I stand up on the pedals and use all of my weight to push them down, struggling to start and make it up the small hill. The rear tyre alternates between gripping and slipping. the slippery red mud track is not making it any easier. Bang! Sproing! Suddenly the pedals are free-wheeling and don't drive the wheel any more and I just manage to stop myself from crunching into the bar. Damn, the rear gear derallier has completely come off the axle. It looks tricky to fix without tools...
The three hour bus ride north from Vientiane to Vang Vieng doesn't feel like it takes too long, I'm a little sleepy due to the heat and noise of the old bus but the countryside slipping by is too good to miss; Villages, jungle, shacks, rice paddies, shacks, rice paddies, jungle and people going about their everyday lives. I resist sleep to keep looking out the window.

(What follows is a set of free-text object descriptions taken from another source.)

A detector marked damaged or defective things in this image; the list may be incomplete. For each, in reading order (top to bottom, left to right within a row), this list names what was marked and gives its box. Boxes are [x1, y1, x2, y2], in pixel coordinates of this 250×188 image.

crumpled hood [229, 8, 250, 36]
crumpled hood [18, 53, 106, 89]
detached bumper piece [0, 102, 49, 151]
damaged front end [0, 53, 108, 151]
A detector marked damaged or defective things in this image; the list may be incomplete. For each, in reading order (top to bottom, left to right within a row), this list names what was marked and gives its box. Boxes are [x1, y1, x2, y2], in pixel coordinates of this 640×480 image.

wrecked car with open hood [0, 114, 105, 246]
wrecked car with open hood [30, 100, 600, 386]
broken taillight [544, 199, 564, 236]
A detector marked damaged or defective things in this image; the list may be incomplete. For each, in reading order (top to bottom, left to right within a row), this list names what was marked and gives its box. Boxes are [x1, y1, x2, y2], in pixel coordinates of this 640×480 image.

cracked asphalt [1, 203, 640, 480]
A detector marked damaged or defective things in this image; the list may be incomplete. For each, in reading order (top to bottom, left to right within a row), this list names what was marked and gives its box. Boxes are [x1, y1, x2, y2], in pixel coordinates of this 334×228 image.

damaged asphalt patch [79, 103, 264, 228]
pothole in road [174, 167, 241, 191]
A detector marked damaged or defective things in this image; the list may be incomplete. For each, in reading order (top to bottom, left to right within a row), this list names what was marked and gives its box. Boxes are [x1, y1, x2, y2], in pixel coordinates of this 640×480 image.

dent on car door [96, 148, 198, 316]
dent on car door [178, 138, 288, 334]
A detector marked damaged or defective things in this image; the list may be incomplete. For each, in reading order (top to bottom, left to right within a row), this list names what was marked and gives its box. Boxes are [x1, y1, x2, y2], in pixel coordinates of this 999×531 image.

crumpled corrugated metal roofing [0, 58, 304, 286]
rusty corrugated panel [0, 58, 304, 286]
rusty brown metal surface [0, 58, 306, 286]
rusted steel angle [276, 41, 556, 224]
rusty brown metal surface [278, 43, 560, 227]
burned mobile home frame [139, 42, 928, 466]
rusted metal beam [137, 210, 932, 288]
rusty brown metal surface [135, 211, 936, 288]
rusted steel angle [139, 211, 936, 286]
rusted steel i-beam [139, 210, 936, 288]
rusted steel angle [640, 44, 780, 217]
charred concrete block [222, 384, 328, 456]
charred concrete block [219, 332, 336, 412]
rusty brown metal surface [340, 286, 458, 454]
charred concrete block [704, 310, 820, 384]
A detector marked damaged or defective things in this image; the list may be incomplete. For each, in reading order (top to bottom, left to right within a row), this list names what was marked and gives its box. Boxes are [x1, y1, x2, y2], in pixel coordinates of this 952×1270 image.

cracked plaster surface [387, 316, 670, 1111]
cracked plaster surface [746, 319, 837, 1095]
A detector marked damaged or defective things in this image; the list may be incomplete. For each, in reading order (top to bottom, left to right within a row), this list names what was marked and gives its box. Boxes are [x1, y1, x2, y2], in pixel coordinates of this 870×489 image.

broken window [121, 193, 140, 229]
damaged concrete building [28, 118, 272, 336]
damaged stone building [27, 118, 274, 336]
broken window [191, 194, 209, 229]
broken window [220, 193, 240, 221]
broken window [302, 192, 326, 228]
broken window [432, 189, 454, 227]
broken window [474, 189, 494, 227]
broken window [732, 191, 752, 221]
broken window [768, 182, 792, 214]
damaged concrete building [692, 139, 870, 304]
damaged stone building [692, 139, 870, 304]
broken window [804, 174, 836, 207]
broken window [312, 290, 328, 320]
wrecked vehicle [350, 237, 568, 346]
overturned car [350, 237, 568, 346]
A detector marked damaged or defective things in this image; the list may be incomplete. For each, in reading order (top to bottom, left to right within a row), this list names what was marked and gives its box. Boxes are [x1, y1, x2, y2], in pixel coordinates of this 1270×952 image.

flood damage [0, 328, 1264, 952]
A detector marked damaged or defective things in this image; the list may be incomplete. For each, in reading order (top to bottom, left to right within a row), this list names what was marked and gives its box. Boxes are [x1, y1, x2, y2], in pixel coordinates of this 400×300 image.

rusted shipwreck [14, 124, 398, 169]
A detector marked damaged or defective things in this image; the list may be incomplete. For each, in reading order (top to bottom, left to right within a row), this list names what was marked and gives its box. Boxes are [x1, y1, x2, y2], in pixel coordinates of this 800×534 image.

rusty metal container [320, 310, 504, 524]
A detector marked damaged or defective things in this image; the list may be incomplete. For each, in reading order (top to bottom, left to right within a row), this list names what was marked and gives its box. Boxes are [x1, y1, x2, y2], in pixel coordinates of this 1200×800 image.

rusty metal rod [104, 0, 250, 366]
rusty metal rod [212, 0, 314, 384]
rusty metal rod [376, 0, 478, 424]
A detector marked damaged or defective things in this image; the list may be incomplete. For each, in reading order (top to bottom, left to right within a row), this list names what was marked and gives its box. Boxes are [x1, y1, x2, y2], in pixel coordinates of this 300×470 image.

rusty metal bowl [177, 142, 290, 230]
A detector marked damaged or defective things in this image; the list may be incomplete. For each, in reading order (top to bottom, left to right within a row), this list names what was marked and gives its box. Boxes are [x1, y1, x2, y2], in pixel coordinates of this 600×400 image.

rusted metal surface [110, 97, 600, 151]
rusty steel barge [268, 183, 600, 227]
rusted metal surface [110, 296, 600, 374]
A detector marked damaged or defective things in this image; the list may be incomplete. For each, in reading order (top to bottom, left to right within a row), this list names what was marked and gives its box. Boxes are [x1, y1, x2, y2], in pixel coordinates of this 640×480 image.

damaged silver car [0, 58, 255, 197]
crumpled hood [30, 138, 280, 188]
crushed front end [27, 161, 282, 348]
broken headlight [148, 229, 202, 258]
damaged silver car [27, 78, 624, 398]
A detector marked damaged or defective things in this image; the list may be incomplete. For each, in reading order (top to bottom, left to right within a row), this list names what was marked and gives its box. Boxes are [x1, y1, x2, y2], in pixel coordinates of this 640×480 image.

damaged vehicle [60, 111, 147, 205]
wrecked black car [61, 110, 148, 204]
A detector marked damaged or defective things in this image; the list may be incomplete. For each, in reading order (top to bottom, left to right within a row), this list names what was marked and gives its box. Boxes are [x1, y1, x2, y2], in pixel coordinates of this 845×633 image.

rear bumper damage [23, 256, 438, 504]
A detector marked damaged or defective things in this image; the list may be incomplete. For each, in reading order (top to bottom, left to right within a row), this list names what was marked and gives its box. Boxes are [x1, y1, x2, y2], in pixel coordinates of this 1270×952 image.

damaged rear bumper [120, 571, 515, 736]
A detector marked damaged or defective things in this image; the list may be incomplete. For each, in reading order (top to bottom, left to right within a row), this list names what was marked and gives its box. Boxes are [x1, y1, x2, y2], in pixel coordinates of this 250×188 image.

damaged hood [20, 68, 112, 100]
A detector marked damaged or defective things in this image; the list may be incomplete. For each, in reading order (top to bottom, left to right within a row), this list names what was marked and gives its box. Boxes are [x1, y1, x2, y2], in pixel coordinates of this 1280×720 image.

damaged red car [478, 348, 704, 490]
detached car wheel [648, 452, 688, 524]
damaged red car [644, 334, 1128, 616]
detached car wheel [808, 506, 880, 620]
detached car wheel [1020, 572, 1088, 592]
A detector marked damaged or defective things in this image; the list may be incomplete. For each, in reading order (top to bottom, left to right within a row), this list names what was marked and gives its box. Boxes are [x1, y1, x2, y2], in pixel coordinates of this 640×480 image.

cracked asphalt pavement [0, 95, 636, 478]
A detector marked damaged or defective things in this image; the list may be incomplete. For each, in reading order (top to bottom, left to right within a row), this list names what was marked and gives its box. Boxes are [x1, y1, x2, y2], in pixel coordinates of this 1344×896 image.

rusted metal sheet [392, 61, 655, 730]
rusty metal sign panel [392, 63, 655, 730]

We pull into Vang Vieng and de-bus, there are two touts trying to encourage the punters to their guest houses. In Lao fashion, they aren't trying too hard - they are friendly and not at all pushy. Nice.
Friends in Every Bar
Vang Vieng is a funny place. I stroll around the town - an over the top collection of restaurants (largely serving the same menus), guesthouses, bars and a few tour companies and internet cafes sprinked about. The Lonely Planet entry for Vang Vieng says to be prepared for endless reruns of Friends in the TV Bars. I thought they were joking. Nearly all of the bars have large TV's and all, execpt one, are playing Friends! (The other bar is playing the Simpsons) Each bar has about a dozen people lying down, watching the TV. I stroll around becoming more disheartened with Vang Vieng town, it has been over commercialised and ruined - it could be any backpacker haven in Asia, the unique local character of Vang Vieng town looks to have been erased.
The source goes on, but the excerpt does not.